*EXERCISE:*
In your copy of the data, keep every word exact and include no pictures.

*Records from a data collection:*

•••••

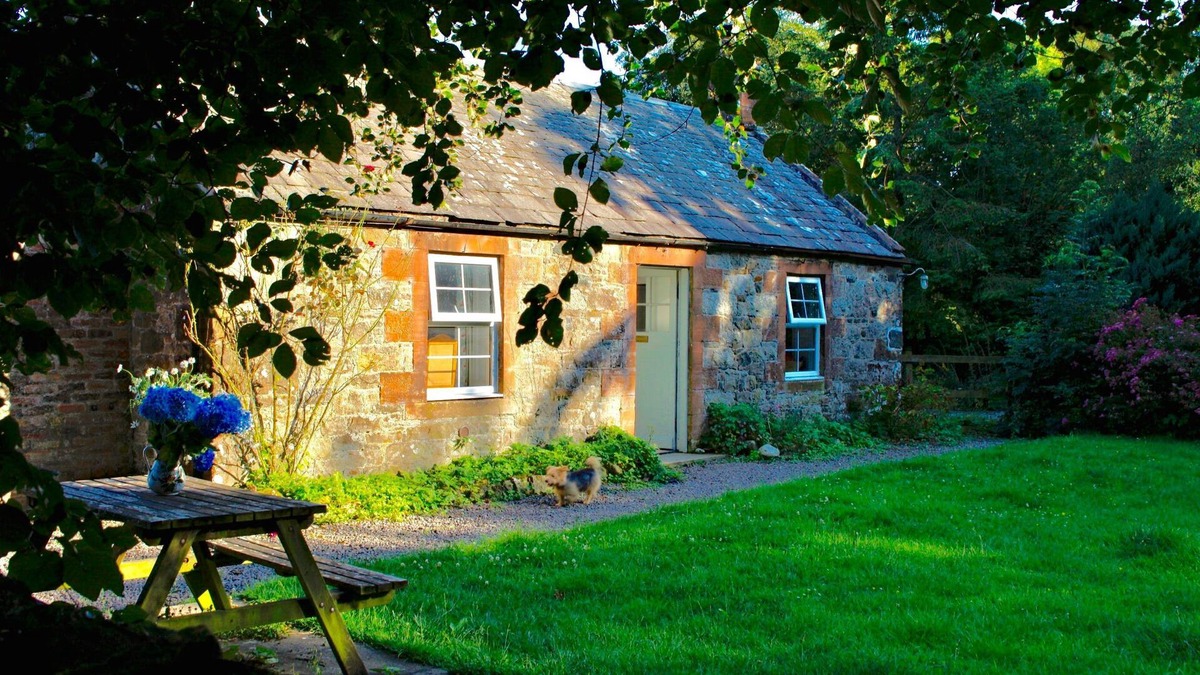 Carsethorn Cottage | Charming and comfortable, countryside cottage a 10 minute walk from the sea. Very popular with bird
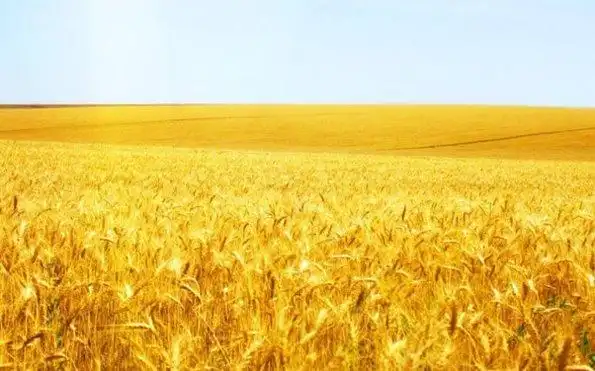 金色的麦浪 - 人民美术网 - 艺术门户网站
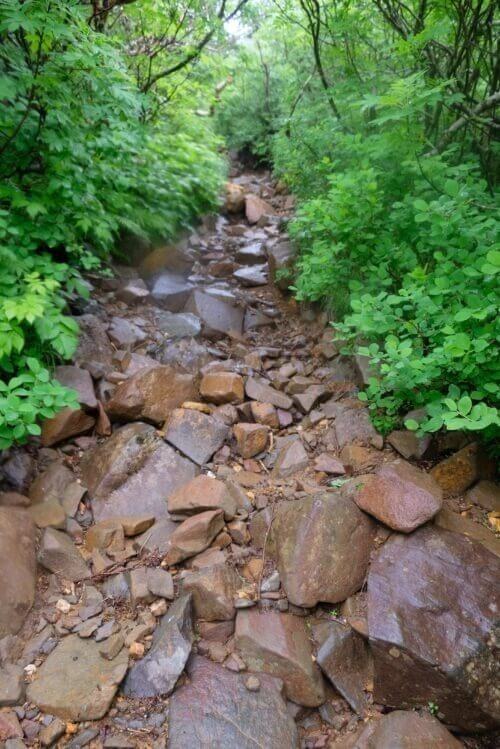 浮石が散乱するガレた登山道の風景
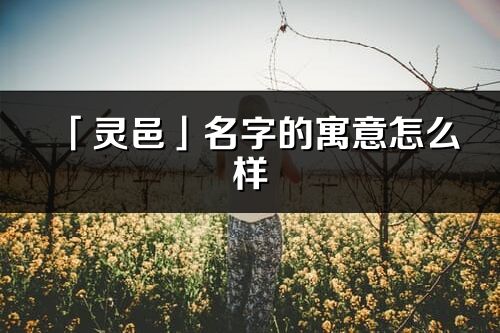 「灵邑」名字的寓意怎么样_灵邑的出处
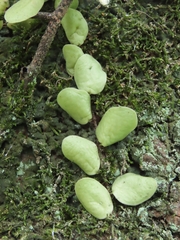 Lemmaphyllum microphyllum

•••••

*EXERCISE RESULT:*
 Carsethorn Cottage | Charming and comfortable, countryside cottage a 10 minute walk from the sea. Very popular with bird
 金色的麦浪 - 人民美术网 - 艺术门户网站
 浮石が散乱するガレた登山道の風景
 「灵邑」名字的寓意怎么样_灵邑的出处
 Lemmaphyllum microphyllum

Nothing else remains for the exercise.